(Dataset entries)
>>>

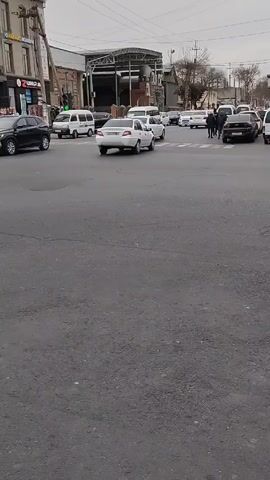 The video shows a busy intersection in a city. There are many cars and vans moving through the intersection. People are walking on the sidewalks and crossing the street. A person on a bicycle with a basket in the front rides across the intersection. There are buildings on the sides of the road, including one that has a sign in a foreign language. The sky is overcast and the weather appears to be cloudy.
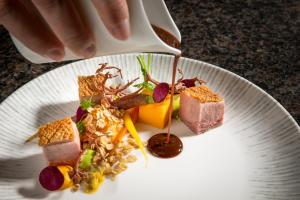 un piatto di cibo con una persona che versa la salsa di Hotel Auenhof a Lech am Arlberg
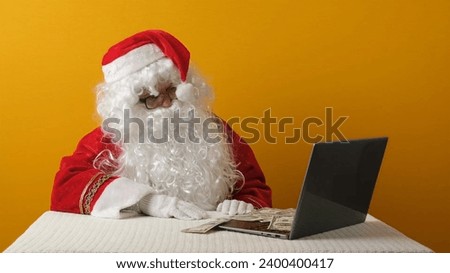 Santa Claus with money dollars and laptop.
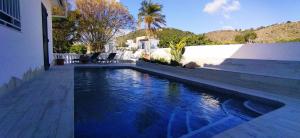 a swimming pool in a house with blue water at Mostalla de jaume in Pego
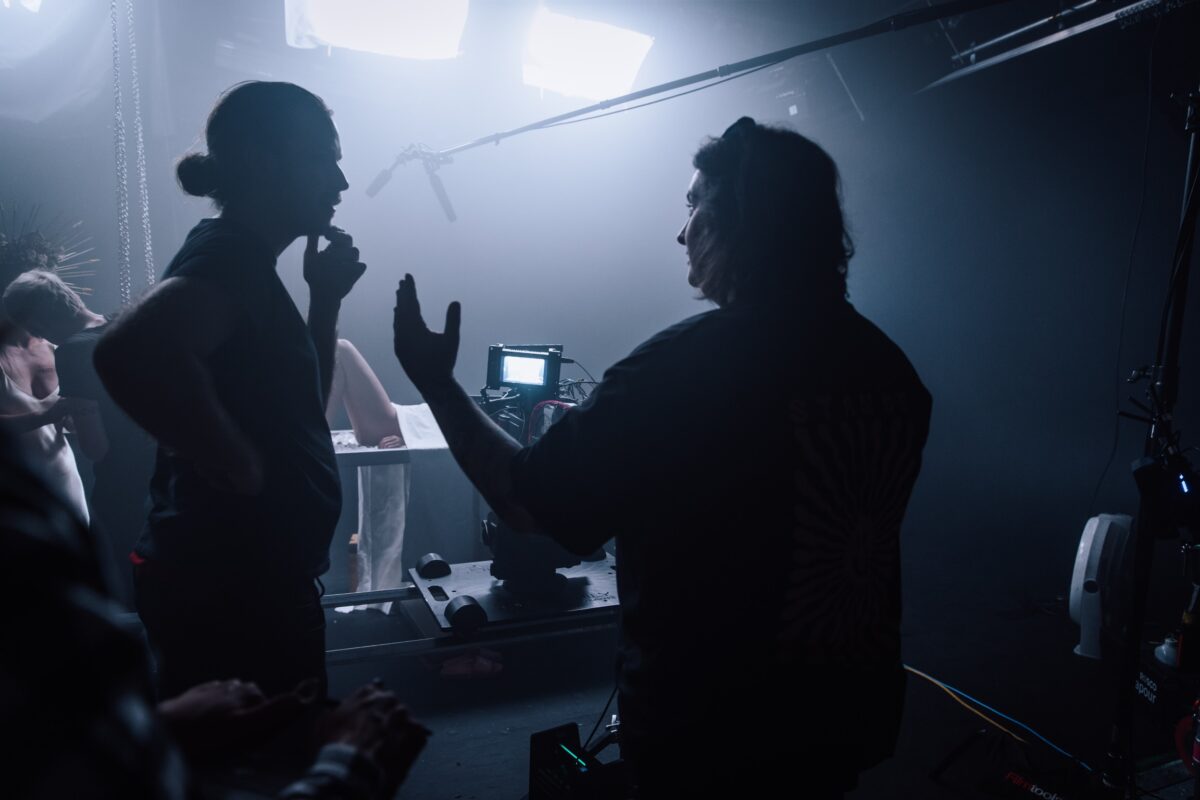 A scene from the set of a movie, strong white lights in the foreground and the silhouette of of woman and a man as they gesture and talk with one another.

<<<

Task objective: Give back all of the entries verbatim, but without pictures.

Result of this exercise:
 The video shows a busy intersection in a city. There are many cars and vans moving through the intersection. People are walking on the sidewalks and crossing the street. A person on a bicycle with a basket in the front rides across the intersection. There are buildings on the sides of the road, including one that has a sign in a foreign language. The sky is overcast and the weather appears to be cloudy.
 un piatto di cibo con una persona che versa la salsa di Hotel Auenhof a Lech am Arlberg
 Santa Claus with money dollars and laptop.
 a swimming pool in a house with blue water at Mostalla de jaume in Pego
 A scene from the set of a movie, strong white lights in the foreground and the silhouette of of woman and a man as they gesture and talk with one another.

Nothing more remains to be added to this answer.